There was the time I was leaving work and hit a chick in an already beat up and rusty ‘mobile. She got a pretty penny for that! I’m almost certain she didn’t fix that bucket of rust. I wouldn’t have.
But the accident that stands out most in my mind is the time I had just gotten my pretty little red car with the moon roof and mud guards, and the sporty little spoiler on the back…a five speed. I thought I was the coolest chick in town shifting those gears! One rainy day, I was headed home from college and I took a route known (by everyone except me, apparently) to be very slippery when wet. About the time I hit this downhill, curvy road, I began to slide. I lost control of my car and slid into a big ditch, landing sideways in a ravine, on the opposite side of the street. The ding-dang ditch was peppered with enough big rocks and concrete pieces to rip the bottom of a pretty little red car to shreds.
As I was sitting there, sideways in the car, it occurred to me that I was OK. A little shook up, but uninjured. Suddenly, the under-yonder of the hood begin to pour smoke. I was convinced she was going to blow! I was out of that vehicle in a matter of seconds! From a sideways position. Out like a jack-in-the-box!
By the time I realized it was only the radiator, I had already asked a guy who stopped to see about me to call the police and my dad to come help me. I was living with my parents while I was getting my degree, and as I peered into the car, staring back at me was my cigarettes had fallen out of their secret hiding place. One of my dad’s greatest dislikes. Smokers! And his daughter loved herself a long cigarette! 120’s. Menthol. Puff Puff.

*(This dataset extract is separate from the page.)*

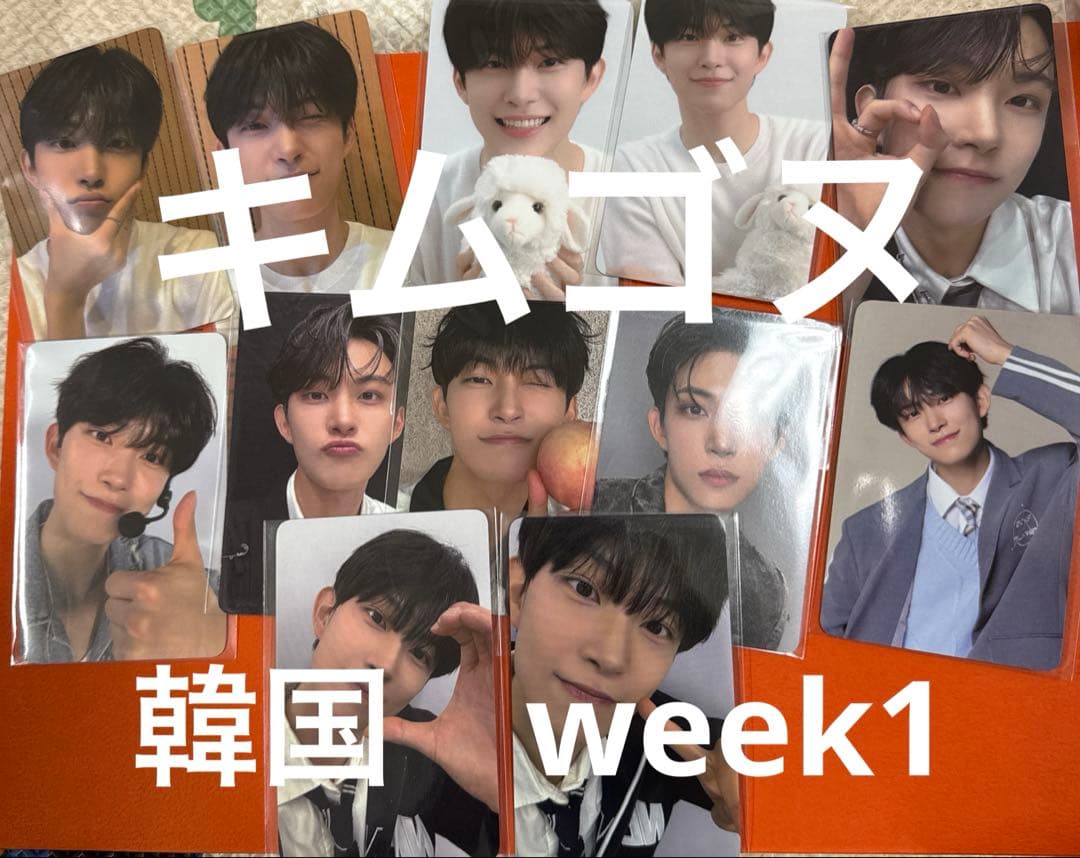 ボイプラ2 韓国アーカイブ展ポップアップ 1週目トレカ コンプ ゴヌ キムゴヌ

I knew I’d only get grief for smoking…he’d say the reason I wrecked was because of cigarettes. He wouldn’t be happy with me, and I knew my only hope was to get those cigarettes and hide them. Without thinking, I hopped back into the sideways car, rescued the stogies, and tried to get out. And tried. And tried. It was very hard to hold a door straight up and climb out without the aid of adrenalin. I finally hooked one leg over the side and was emerging like a turtle when some chick stopped to ask me if I needed any help. I didn’t. And I didn’t need an audience. Did I mention, it was raining the whole time?
I gave up smoking years ago, thankfully. I now understand a little better why Dad hates smoking. If you live in my area, you don’t have to be afraid of my or my daughter’s driving abilities. I promise. Really.